- TASK STATEMENT -
Would you transcribe the entries below, beginning at the line with "CGS Transport truck" and ending after the line with "Corner detail showing", exactly, with no picture and nothing more?

- THE DATA -

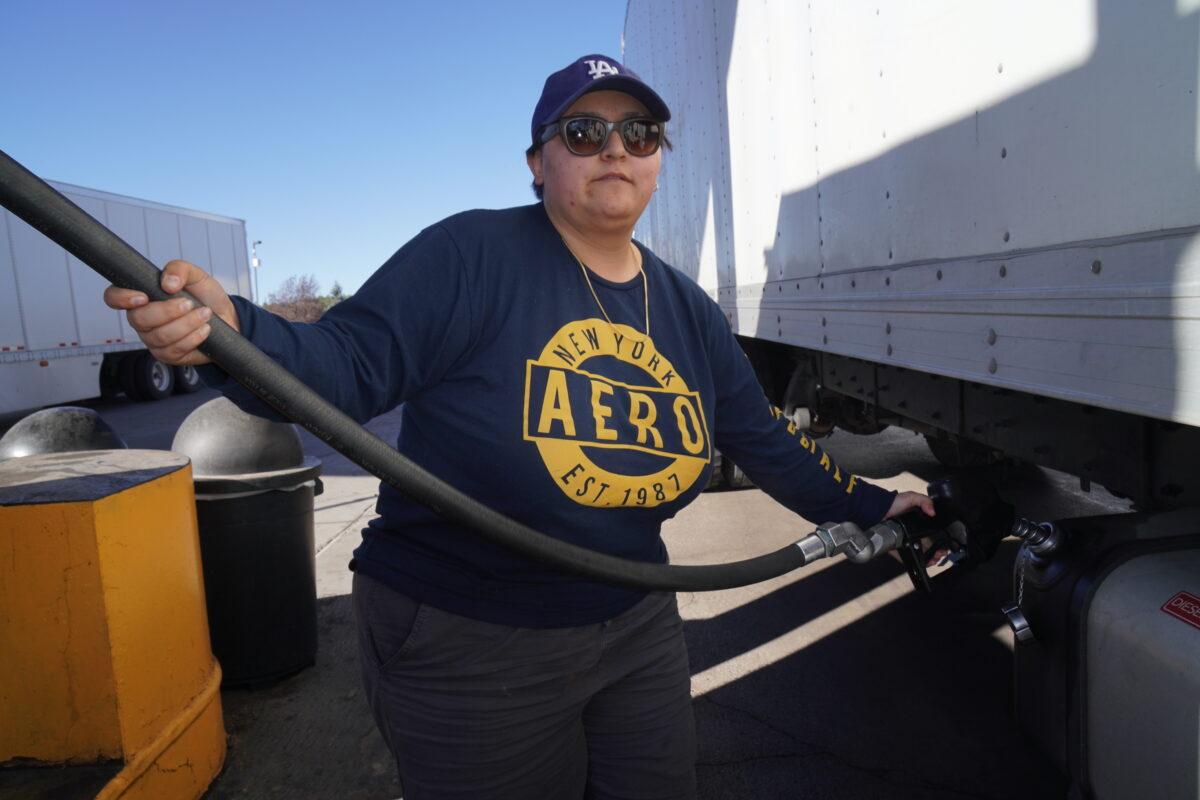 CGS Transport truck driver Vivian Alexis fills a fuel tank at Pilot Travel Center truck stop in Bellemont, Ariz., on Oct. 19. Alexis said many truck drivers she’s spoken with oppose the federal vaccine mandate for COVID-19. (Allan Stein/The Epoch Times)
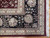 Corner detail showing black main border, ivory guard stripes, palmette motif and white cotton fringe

--

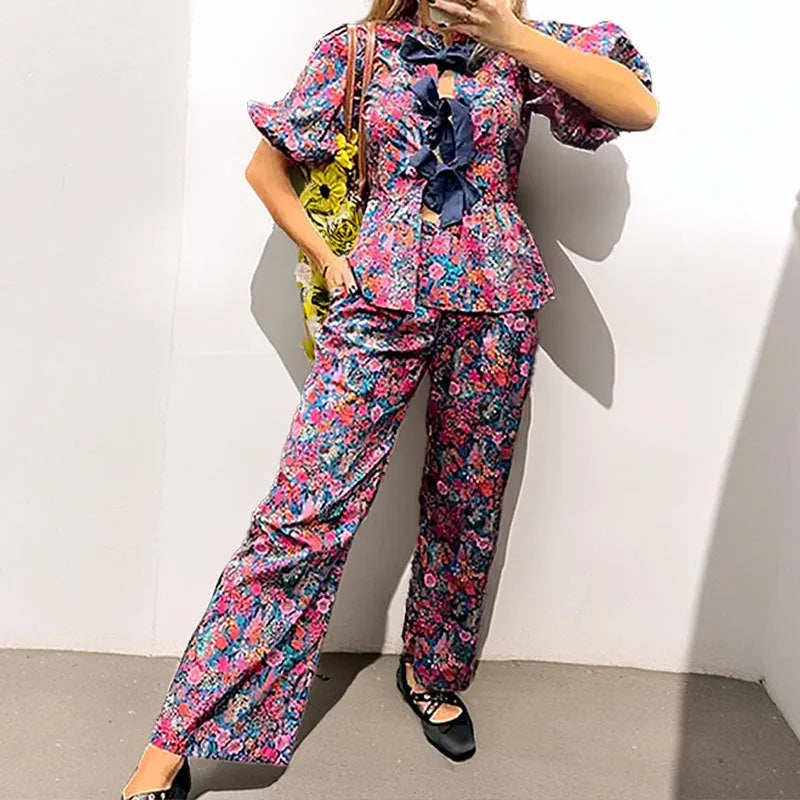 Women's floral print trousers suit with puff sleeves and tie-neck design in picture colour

- OUTPUT OF THE TASK -
 CGS Transport truck driver Vivian Alexis fills a fuel tank at Pilot Travel Center truck stop in Bellemont, Ariz., on Oct. 19. Alexis said many truck drivers she’s spoken with oppose the federal vaccine mandate for COVID-19. (Allan Stein/The Epoch Times)
 Corner detail showing black main border, ivory guard stripes, palmette motif and white cotton fringe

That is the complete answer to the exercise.